Goal of the exercise: Nothing but the lines from the one with "Westin W3 Finesse" through the end of the data should be set down, each exactly as written, and no picture should be included.

[Data for review — start]

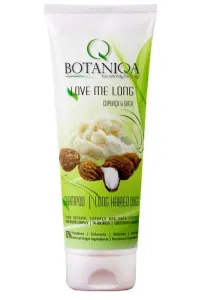 Botaniqa Love Me Long Cupuaçu and Shea Szampon - psy długowłose 250ml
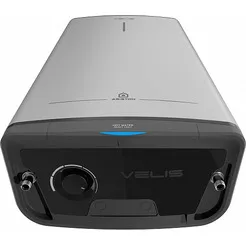 Водонагреватель Ariston ABS VLS PRO R 50 фото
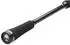 Westin W3 Finesse Spin&Blades-T 3Rd 218cm M 7-38g - Baitcastrute
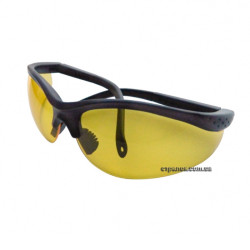 Очки защитные Strelok ST03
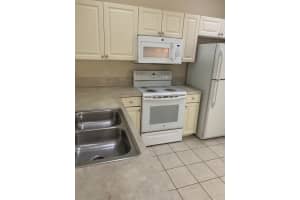 1966 Freeport Lane 1966, Riviera Beach, FL 33404 - MLS#R11137643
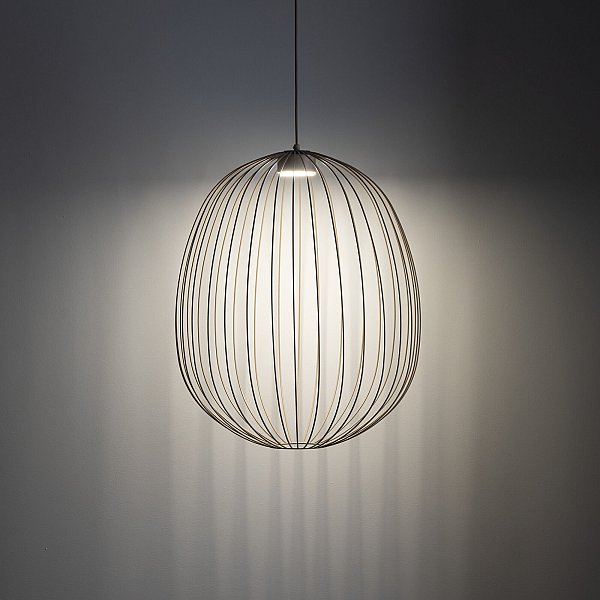 Подвесной светильник Sphera TK Lighting 19685 Sphera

[Data for review — finish]

Solved exercise:
 Westin W3 Finesse Spin&Blades-T 3Rd 218cm M 7-38g - Baitcastrute
 Очки защитные Strelok ST03
 1966 Freeport Lane 1966, Riviera Beach, FL 33404 - MLS#R11137643
 Подвесной светильник Sphera TK Lighting 19685 Sphera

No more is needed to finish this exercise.